John 3.27-42
Tolstoy in his novel War and Peace wrote that a battle can turn in a “Hurrah”. The Hurrah represents a changed contrasting attitude compared to the disposition of all around. It stands for a different vision of what is before them. It is grasping the positive when all around is negative. Suddenly the world seems different and the “Hurrah” enthuses, encourages and conveys a new sense of reality. Belief in Jesus can be that “Hurrah” as we see in the Samaritan woman when the penny drops and she realizes that the man before her is the Messiah she and all her people have been waiting for. She believed him when he said, ‘I who speak to you am he’. John 4.26
Jesus’ disciples returned from town with food just as he made that confession to the woman. It reads as if they barged in breaking the intimate profound moment oblivious to the significance of the event that had taken place and not caring. ‘No one said, “What do you seek?” or “Why are you talking with her?”’ John 4.27 Their preoccupation was with the mundane and the everyday. Food was their dominant thought. ‘Meanwhile the disciples were urging him, saying, “Rabbi, eat.”’ John 4.31
The woman though had just had her view of the world changed by her encounter with Jesus. She was a convert in the first flush of excitement. The mundane, such as collecting water, had fallen away and she was bursting to share her new-found faith and introduce others to Jesus. What a contrast with the disciples. ‘The woman left her water jar and went away into town and said to the people, “Come, and see a man who told me all that I ever did. Can this be the Christ?”’ Counter culturally we have in essence the woman being the evangelist. She was doing what all can do and so frequently do not do. She was inviting people to discover Jesus for themselves.

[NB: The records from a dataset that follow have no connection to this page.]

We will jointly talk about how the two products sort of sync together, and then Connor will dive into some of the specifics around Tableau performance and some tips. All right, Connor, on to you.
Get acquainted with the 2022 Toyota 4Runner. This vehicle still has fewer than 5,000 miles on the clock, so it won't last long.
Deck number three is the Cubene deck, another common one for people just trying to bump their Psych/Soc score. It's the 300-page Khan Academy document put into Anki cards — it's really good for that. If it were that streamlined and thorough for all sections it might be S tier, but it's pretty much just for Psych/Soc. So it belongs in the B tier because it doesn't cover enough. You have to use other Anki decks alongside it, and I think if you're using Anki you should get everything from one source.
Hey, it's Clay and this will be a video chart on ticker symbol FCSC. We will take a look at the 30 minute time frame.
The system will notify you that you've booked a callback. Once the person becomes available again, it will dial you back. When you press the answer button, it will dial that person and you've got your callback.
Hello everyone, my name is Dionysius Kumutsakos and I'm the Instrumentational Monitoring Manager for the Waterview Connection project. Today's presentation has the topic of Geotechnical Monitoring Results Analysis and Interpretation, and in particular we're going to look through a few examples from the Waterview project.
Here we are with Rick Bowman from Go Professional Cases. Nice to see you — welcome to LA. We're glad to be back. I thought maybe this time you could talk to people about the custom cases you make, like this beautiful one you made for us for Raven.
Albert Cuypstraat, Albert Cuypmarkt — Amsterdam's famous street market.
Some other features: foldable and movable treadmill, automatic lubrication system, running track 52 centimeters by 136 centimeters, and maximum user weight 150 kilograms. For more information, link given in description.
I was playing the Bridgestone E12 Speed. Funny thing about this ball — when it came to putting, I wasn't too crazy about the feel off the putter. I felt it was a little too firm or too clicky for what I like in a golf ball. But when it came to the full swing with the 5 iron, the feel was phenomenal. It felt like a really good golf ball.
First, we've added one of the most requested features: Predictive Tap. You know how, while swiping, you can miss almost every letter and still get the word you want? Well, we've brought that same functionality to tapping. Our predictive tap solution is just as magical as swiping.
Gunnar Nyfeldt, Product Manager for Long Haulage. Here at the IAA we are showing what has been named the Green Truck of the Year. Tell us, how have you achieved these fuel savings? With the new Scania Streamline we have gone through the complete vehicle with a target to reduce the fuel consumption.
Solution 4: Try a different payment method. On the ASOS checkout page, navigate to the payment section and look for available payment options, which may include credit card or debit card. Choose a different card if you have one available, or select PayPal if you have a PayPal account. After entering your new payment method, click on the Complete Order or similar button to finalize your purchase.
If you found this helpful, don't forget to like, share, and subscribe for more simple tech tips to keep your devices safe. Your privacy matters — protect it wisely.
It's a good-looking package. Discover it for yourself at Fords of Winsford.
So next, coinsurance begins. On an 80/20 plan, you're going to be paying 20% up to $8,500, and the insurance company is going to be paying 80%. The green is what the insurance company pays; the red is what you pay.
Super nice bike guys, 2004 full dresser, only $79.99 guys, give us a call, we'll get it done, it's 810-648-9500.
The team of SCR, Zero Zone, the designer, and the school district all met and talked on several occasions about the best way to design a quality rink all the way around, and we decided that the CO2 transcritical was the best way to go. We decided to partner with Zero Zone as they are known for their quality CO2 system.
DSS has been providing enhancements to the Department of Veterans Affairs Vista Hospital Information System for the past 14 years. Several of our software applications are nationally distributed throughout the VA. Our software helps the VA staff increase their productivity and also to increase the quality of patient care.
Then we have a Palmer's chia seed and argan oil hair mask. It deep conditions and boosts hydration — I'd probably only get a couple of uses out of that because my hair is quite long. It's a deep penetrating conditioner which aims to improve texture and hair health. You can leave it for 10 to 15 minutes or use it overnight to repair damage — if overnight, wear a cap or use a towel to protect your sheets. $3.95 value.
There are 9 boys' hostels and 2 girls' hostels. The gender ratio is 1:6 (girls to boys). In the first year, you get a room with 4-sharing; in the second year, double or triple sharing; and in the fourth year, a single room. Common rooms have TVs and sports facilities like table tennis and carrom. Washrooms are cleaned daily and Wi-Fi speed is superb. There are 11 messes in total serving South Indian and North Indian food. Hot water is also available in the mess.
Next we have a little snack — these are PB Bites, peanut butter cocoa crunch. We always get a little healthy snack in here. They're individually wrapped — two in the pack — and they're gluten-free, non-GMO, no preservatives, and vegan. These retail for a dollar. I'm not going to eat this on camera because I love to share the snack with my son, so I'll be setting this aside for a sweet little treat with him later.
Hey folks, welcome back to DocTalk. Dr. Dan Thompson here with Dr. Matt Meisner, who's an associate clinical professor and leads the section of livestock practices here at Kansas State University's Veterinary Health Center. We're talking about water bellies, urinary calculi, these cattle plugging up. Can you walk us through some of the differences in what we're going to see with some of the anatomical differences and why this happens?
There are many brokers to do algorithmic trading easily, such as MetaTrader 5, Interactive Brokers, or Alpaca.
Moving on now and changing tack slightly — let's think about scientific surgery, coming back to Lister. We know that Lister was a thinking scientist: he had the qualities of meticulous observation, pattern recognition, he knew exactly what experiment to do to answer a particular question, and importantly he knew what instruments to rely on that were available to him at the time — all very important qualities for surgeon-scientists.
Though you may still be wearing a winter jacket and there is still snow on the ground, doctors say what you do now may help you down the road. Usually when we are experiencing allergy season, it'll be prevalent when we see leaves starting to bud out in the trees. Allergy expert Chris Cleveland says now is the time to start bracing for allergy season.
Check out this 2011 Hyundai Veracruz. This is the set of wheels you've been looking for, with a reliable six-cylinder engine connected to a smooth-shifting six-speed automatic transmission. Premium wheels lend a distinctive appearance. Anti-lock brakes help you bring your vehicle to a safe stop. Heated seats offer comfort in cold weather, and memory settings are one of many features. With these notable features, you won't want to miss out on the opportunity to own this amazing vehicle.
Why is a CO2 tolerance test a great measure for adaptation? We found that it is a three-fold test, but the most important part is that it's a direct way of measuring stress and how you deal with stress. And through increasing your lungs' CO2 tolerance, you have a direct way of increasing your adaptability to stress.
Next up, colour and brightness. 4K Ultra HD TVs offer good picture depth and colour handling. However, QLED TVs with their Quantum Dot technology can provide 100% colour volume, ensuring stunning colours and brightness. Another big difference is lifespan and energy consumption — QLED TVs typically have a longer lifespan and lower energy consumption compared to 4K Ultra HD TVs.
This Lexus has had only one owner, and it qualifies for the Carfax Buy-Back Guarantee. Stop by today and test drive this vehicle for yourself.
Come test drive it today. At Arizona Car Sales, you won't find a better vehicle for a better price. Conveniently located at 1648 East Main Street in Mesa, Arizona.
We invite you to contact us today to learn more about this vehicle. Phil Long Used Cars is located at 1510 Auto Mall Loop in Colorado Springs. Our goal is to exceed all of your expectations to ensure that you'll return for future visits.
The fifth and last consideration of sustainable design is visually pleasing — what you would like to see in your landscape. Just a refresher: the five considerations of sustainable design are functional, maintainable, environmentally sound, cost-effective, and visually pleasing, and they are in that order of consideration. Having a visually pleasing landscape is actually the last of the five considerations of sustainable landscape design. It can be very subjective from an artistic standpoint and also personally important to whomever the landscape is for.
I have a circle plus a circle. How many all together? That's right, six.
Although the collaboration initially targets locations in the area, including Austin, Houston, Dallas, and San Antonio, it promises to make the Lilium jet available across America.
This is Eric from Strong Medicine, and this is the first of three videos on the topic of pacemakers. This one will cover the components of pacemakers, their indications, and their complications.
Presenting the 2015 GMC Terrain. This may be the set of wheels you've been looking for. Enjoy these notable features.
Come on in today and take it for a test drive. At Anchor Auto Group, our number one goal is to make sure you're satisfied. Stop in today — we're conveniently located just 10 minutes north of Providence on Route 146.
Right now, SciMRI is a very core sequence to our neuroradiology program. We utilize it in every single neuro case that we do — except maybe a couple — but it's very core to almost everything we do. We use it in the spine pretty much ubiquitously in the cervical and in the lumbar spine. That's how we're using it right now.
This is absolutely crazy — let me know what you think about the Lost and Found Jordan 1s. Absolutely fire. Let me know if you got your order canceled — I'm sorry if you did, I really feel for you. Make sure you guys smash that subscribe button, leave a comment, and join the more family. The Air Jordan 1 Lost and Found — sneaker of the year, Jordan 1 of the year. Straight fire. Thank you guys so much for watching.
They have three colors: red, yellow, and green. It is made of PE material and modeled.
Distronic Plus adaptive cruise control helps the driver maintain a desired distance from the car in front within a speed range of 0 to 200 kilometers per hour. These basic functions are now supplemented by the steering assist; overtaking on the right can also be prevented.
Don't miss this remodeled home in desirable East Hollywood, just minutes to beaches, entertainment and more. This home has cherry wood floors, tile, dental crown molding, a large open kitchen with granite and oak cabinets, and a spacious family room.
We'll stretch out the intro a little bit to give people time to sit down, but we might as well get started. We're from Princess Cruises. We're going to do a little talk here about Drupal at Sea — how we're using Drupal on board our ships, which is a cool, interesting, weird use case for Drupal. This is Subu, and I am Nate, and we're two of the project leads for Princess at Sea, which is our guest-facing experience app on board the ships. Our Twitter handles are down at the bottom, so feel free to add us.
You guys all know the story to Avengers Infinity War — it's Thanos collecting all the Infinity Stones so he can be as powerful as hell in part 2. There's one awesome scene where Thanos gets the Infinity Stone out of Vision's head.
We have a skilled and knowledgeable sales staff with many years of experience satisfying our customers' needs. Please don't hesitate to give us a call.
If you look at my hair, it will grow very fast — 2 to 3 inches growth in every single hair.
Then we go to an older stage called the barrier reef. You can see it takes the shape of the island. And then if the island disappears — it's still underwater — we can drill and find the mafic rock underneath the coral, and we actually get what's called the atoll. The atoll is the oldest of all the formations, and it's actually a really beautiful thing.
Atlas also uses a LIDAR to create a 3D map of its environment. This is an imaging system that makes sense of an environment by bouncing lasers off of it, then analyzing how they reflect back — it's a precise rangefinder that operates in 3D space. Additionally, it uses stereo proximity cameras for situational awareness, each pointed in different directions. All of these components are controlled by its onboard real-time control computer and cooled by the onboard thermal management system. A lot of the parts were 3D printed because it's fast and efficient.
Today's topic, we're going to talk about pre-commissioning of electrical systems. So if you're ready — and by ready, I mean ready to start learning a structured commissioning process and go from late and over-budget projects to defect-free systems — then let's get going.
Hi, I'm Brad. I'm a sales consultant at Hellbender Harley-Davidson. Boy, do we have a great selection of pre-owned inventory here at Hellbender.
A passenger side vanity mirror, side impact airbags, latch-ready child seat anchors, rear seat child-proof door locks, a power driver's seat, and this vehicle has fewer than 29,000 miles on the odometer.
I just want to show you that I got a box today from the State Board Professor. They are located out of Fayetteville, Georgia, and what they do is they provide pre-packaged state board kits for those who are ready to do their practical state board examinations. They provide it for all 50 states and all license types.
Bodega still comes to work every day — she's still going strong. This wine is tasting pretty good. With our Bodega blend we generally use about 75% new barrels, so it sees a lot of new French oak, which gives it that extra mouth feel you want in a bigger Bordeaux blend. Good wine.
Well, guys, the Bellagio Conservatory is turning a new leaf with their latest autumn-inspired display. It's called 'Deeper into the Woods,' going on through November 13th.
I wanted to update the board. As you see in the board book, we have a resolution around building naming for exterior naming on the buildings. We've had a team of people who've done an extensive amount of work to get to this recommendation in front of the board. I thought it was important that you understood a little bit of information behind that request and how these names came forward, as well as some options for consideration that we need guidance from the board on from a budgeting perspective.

Jesus and the woman now shared the same vision inspired by the Holy Spirit. It was a vision of a harvest of people for salvation. Is it too strong a term to say that Jesus rebuked his disciples when he said, ‘I have food to eat that you do not know about’? He was referring to the Spirit of God empowering him to preach the gospel. This was his calling and purpose. The disciples like the woman at the beginning of her encounter were preoccupied with the everyday and literal understanding of his words.
You can feel Jesus frustration coming through the words, ‘Look, I tell you, lift up your eyes, and see that the fields are white for harvest. Already the one who reaps is receiving wages and gathering fruit for eternal life, so that the sower and reaper may rejoice together.’ john 4,36,37 He was drawing on the imagery in Amos 9.13 which also describes the abundance of the new age. Men and woman from the Samaritan town responded to the woman’s invitation to come and see Jesus. Their salvation was Jesus’ total priority and he stayed two days teaching. As a result, many believed. They believed because they encountered Jesus for themselves and the Holy Spirit spoke into their hearts. ‘They said to the woman. “It is no longer because of what you said that we believe, for we have heard for ourselves, and we know that this is indeed the Saviour of the World.”’ John 4.42
Are we preoccupied with the everyday or do we share Jesus’ vision for the gospel?
As a church have we stopped inviting people to meet Jesus?
Do we think that we are not sufficient in some way to invite people to meet Jesus?
Where does reaching people with the gospel rate in our priorities as a church?